Between 2001 and 2007, the percentage of whites admitted to abuse treatment programs rose 34.7 percent, while the percentages for blacks and Latinos dropped 28.7 percent and 19.4 percent, respectively.
Boston saw 17,689 publicly funded substance abuse treatment admissions in 2006, with Dorchester making up 2,956 of those admissions. South End saw the highest number of admissions at 6,064 and the North End saw the lowest at 130 admissions.
Out of Boston's 66,627 emergency room visits for all injuries, Dorchester made up 18,974 visits. Mattapan made up 3,674 visits. Charlestown had the fewest at 1,510 visits.
Other figures included the homicide rates by Boston neighborhood. Dorchester as a whole had a total of 26 homicides in 2006- making up almost half of the 59 homicides total for that year. Roxbury had the next highest at 15 and Mattapan recorded 7 murders, according to the report.

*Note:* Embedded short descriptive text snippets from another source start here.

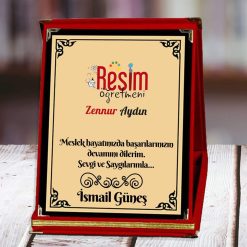 Resim Öğretmeni Baskılı Plaket (2. Tasarım) | Kişiye Özel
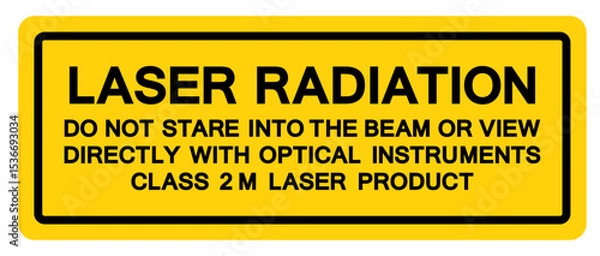 Fototapeta Laser Radiation Do Not Stare to To Beam Symbol Sign,Vector Illustration, Isolate On White Background Label.EPS10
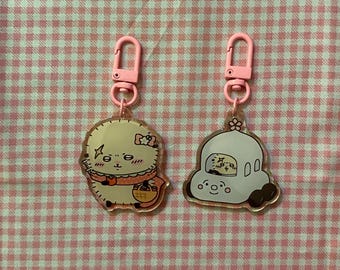 RAKKO STRAWBERRY & CAR - Glitter Acrylic Keychain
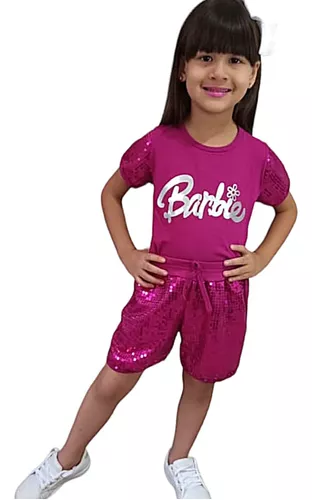 Roupa/conjunto menina infantil Blogueira Barbie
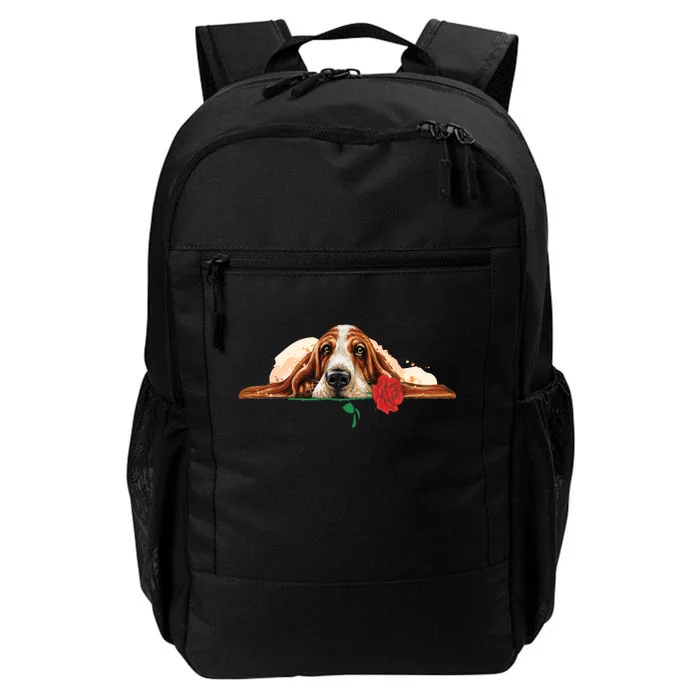 Puppy Love Red Rose Daily Commute Backpack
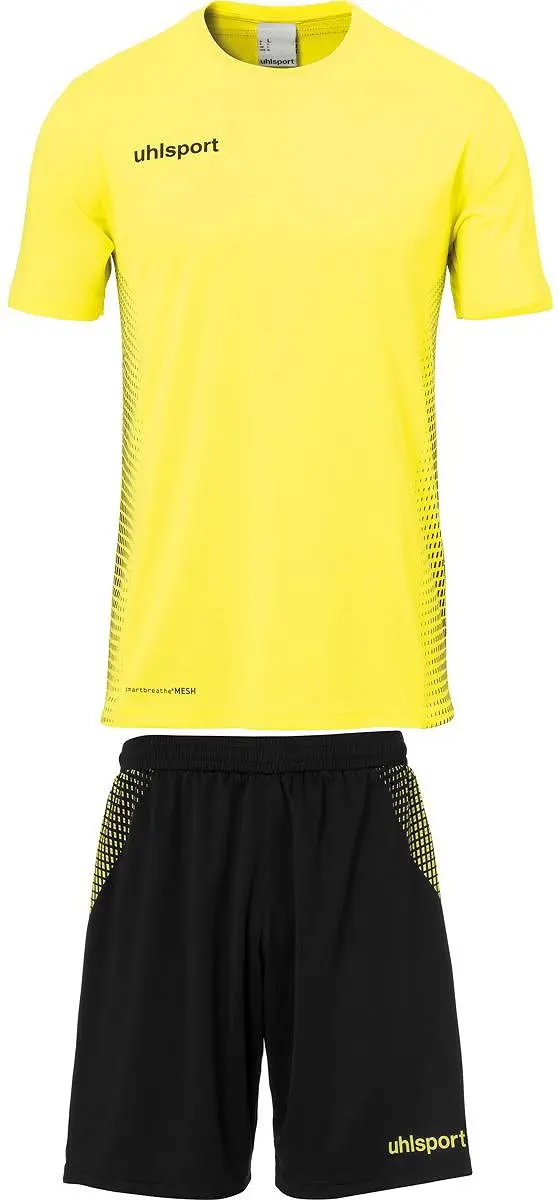 Uhlsport Score Sporttenue Heren Korte Mouw - Fluogeel/Zwart XL - afbeelding 4 van 6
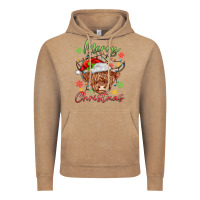 Merry Christmas Cow Vintage Hoodie | Teevron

The number of gunshot and stabbing victims who survived hit 190 in Dorchester, out of 477 non-fatal assaults total in Boston in 2006. Mattapan came in at 29, while West Roxbury saw fewer than 5 nonfatal assaults, the lowest number among the neighborhoods.
In diabetes deaths, Dorchester was among the hardest hit communities, recording 73 deaths in total. The fewest number of deaths - six total - occurred in the Fenway area, according to the report.
The full commission report is available at bphc.org.